**Directions**.
Quote, word for word, only the lines running from the line with "Έκθεση-καταπέλτης της Κομισιόν" through the end of the listing. Leave out the pictures.

**Material provided**.
────────

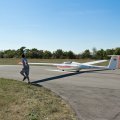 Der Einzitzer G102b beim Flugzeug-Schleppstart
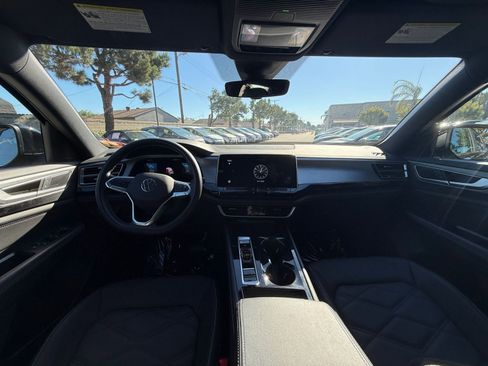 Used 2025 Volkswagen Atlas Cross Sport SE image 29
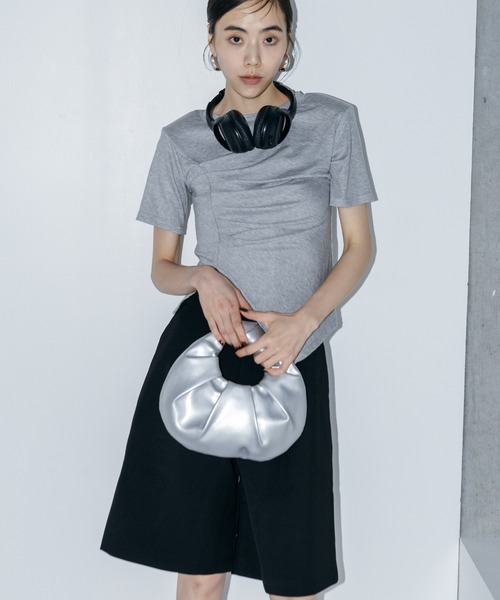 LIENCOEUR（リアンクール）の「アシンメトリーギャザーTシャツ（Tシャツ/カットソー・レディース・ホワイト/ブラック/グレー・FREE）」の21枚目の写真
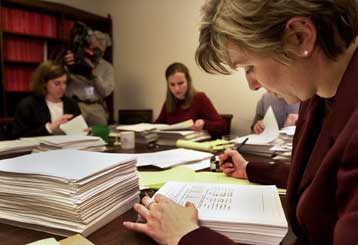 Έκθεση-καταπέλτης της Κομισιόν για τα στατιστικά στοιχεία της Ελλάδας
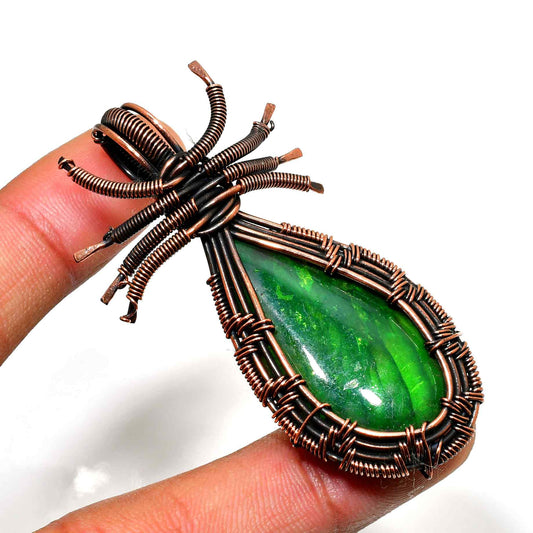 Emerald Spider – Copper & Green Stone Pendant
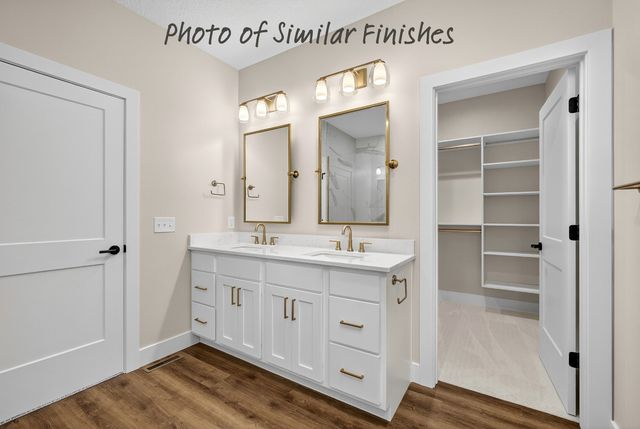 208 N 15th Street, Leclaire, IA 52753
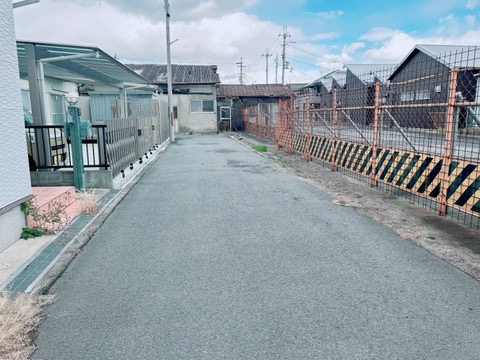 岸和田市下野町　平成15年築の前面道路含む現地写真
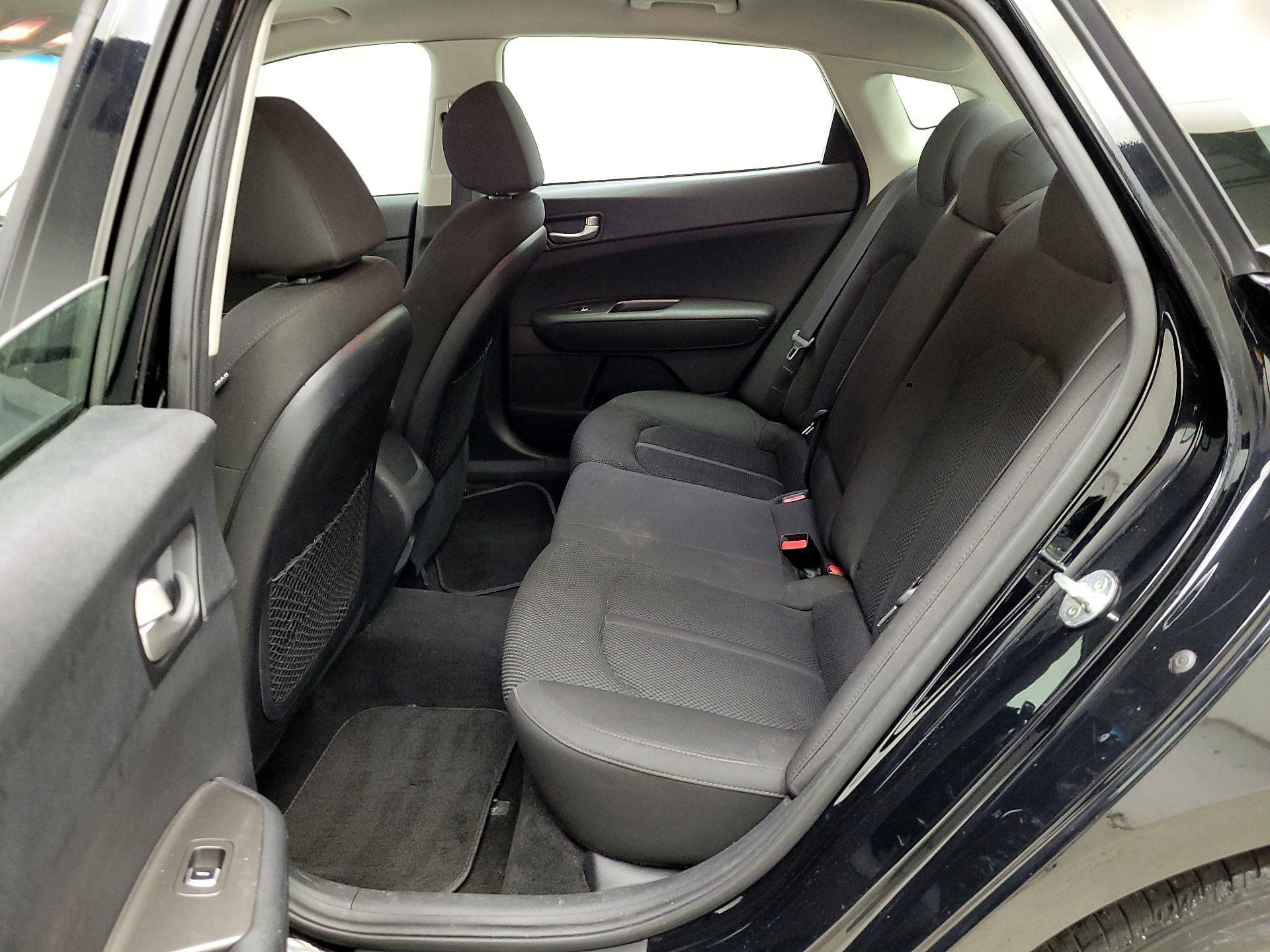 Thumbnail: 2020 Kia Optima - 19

────────

**Finished exercise**.
 Έκθεση-καταπέλτης της Κομισιόν για τα στατιστικά στοιχεία της Ελλάδας
 Emerald Spider – Copper & Green Stone Pendant
 208 N 15th Street, Leclaire, IA 52753
 岸和田市下野町　平成15年築の前面道路含む現地写真
 Thumbnail: 2020 Kia Optima - 19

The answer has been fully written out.